No, no, that isn't a value judgement. Don't let's drag the mythical "Folk Police" into this, please. It's a technical term, as you ought to know; and simply shorthand for what was written in the notes to the set of the song printed in The New Green Mountain Songster, 1939, which was precisely as follows:

"From Lilith, the wild woman of perilous love, and Morgan la Fée, to the mood of a street ballad about one of the many Irish youths who have lost their lives in fresh water, is a long leap. But The Lakes of Col Fin takes it. Irish singers understand the lore of the ballad perfectly: Willie was not "drowned"; he was taken away to Tir fa Tonn, "Fairyland-under-wave", by a water-woman who had fallen in love with him. Legends of similar content are frequent in Middle Irish literature and have survived into modern popular tradition. We may compare Motherwell's The Mermayden, whose "bower is biggit o' the gude ships' keels, and the banes o' the drowned at sea" - a grim picture of the supernatural woman's cruelty in love, which the poet nicely caught - and Leyden's The Mermaid of Corrievrekan, with a happy ending wrought by a clever hero who inveigles the mermaid into taking him back to bid farewell to his former love, "the maid of Colonsay". Both poems were based on local traditions and legends.

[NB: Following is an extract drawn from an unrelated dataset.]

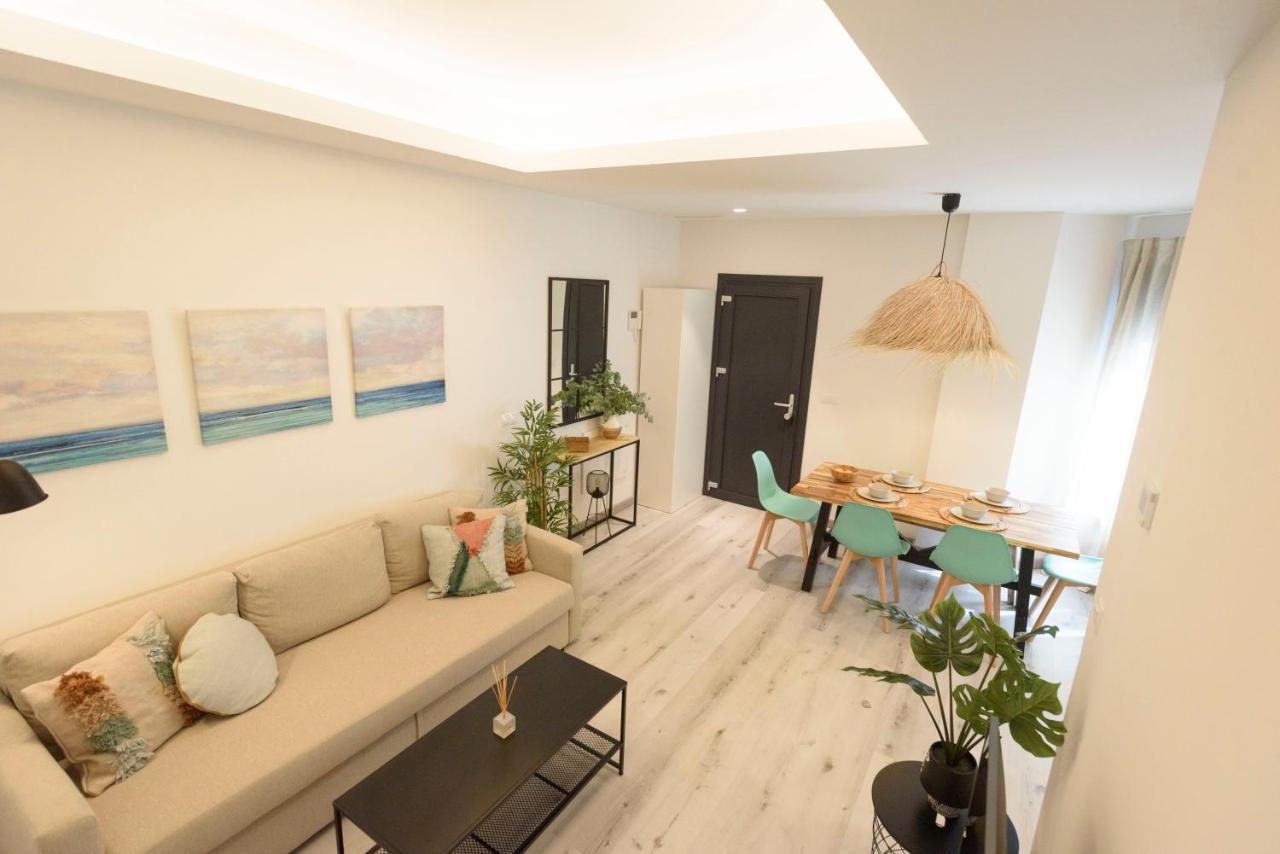 Tarifa Twins Apartamento De Lujo Con Piscina Y Wifi Exterior photo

"Popular tradition, however, does not mean popular origin. In the case of our ballad, the underlying folklore is Irish de facto, but not de iure; the ballad is of Oriental and literary origin, and has sunk to the level of the "folk" which has the keeping of folklore. To put it in a single phrase, memory not invention, is the function of the folk.

"The Lakes of Col Fin was first printed by Dr P. W. Joyce in 1872, in a version, with the air, obtained from a County Limerick singer. A full history of the ballad and of the folk tradition pertaining to it is in Folk Song Society of the Northeast, Bulletin No. 8, pp. 9-12.

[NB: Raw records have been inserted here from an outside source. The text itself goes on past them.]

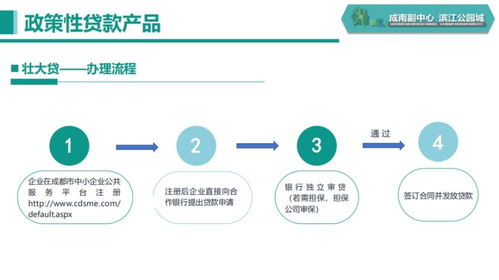 新津區(qū)政策性金融產(chǎn)品矩陣亮相，精準(zhǔn)滴灌助力企業(yè)成長(zhǎng)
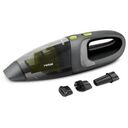 ROTEL Handheld Cordless Vacuum Cleaner Wet & Dry (U606CH3)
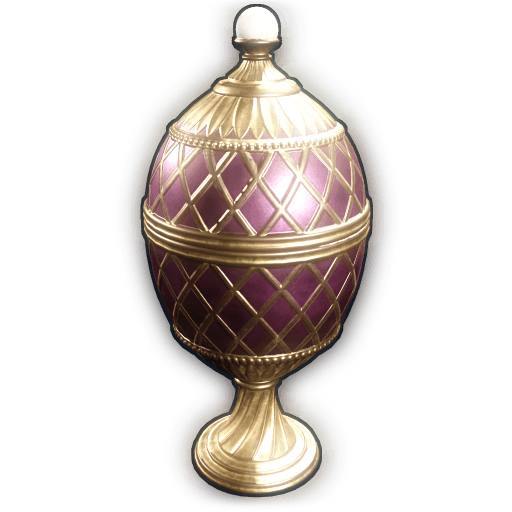 rustige egg c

"Mrs. Flanders met this ballad as The Lakes of Champlain while talking about old songs with Mrs Herbert Haley of Cuttingsville, Vermont. Mrs Haley sang the words to the tune of The Dying Cowboy, and had been told that the drowned boy was "Willie Lanard", well known to the person who gave her the song."

-Helen Hartness Flanders, Elizabeth Hartness Ballard, George Brown and Phillips Barry: The New Green Mountain Songster: Traditional Songs of Vermont, 1939; reprinted Folklore Associates, Pennsylvania, 1966.

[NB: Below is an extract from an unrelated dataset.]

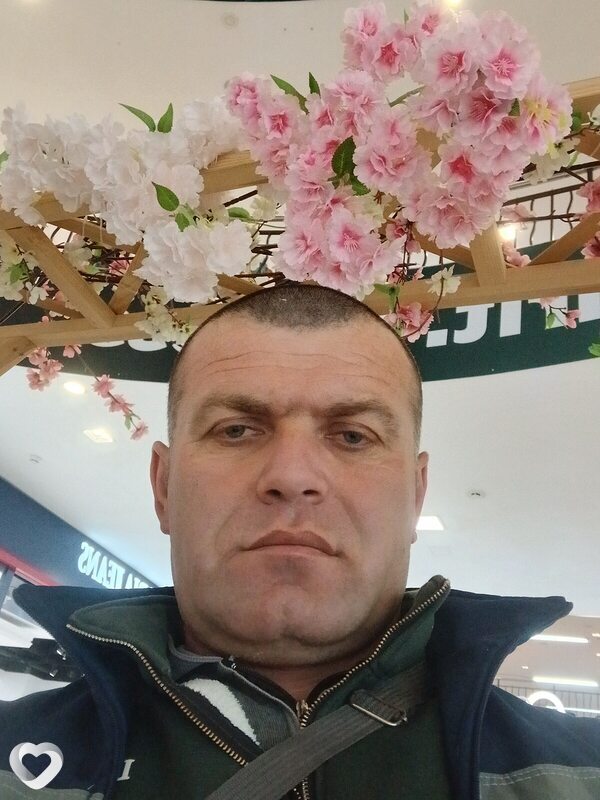 Раман, 46, Челябинске — анкета №4486292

Now, as it happens, this kind of romantic tendency to attribute "ancient" and supernatural origins to traditional songs without an atom -apparently- of real evidence was still pretty common in those days, though we tend to be a little more sceptical nowadays. It may well be that whoever wrote the above (perhaps Mrs Flanders, a rather well-known and respected folk song collector and folklorist) might see it differently if she was writing today; perhaps not. I don't pretend to know. Certainly I'd question the relevance of the references to Scottish literature. She was also unaware, it seems, of the numerous broadside printings of forms of the song that pre-date Joyce (but not by a great deal; there seems to be no evidence that it is older than the 19th century); but again, she is not to be blamed for that. Scholarship and technology have moved on, and today resources are easily and trivially available to us which were often unknown to scholars of the day.

In case there is still any doubt, I had better explain that the use of the term "degenerate" in this context (though it was Felipa's gloss, not actually used in the book referred to) simply implies that a song has lost elements that might originally have belonged to it; and, along with them, part of its original meaning. In that sense it might properly be said to be "degenerate", but this doesn't imply any aesthetic criticism; just an objective observation.

I'm inclined to doubt that Mrs Flanders (if it was she) was right about this one, but that's just my opinion; which, though moderately well-informed, enjoys the benefit of hindsight which was not available to her. I won't ever know, or understand, as much about folk song as she did; and I doubt that any of the other contributors to this discussion will, either.